Making e-commerce work in Africa

 ·25 Oct 2014
e-commerce online shopping

Payment methods and logistics challenges have made e-commerce in Sub-Saharan Africa (outside South Africa) more talked about than usual. But recent players in Nigeria have shaped the way things work to meet market conditions and are having promising signs of success.

Russell Southwood spoke to Jeremy Doutte, CEO, Jumia Nigeria.

Early e-commerce market entrant in Nigeria Nasper’s Kalahari.com came and went and the “told-you-so’s” said what did you expect: the number of customers was tiny.
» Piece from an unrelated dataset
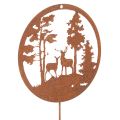 Floristik24 Tuinpaal, roestkleurig, rond, met hertensilhouet, bosdecoratie, 53 cm, 2 stuks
Rocket Internet start-up Jumia was launched two years in May 2012.

Together Konga (invested in by Sweden’s Kinevik and Naspers) and Jumia are estimated by those who have seen the figures to have around or over 2 million customers.

Doutta (who has also worked for Jumia in Nigeria) says originally they were working on the idea of pushing the Amazon concept into Africa. But they realised early on things were going to be very different: there was not the same logistics chain as you found in developed countries; there was little or no financing; and more or less no electronic payments.

They had to completely rework the model so it remains a bit galling when they hear people saying they just copied it.

”The key success factors were not here so we had to move to cash on delivery.”But the big gap in the market was the lack of quality retailing at something less than premium prices. For the average shopper, finding something they wanted might involve a long journey, at the end of which there was no guarantee the product they wanted would be in stock.

During my visit I also spoke to Rukky Ladoja, the women behind a start-up with two fashion brands in the market: Grey and Even Tribe. The mid-market brand Even Tribe sells more or less completely through Jumia’s online channel.

The numbers are not huge but it has opened up a way of addressing its customers with clothes that reflect Nigerian body shapes and colours wanted, leapfrogging the less than perfect retail sector.

Jumia’s customers buy literally everything but one of the biggest categories is the very item that has been fuelling some of these changes, the mobile phone. This is followed by fashion wear. Recently it added diet supplements and “this supplier is now in the Top 15 of our suppliers in 2 weeks.”

Jumia offers its delivery service across the whole of this large country:”There are some challenges to reach everywhere but we have 16 logistics hubs and a small warehouse.”

So how long does it take to get something delivered for a customer in the northern city of Kano? 2-3 days says Doutte but a customer had posted on his Facebook page that with one item the next day. Nevertheless Doutte prefers to stick to the 2-3 days delivery time.

60% of its orders come from Lagos and the rest from elsewhere. It wants to expand the volume of orders coming from elsewhere and is “planning to push the geographic spread.”

There is also an issue in terms of access to devices to do the ordering: there are more smartphones than laptops and PCs in the market. For example, according to our latest market research study, only 6% of people in Northern Nigeria have access to laptops or PCs respectively.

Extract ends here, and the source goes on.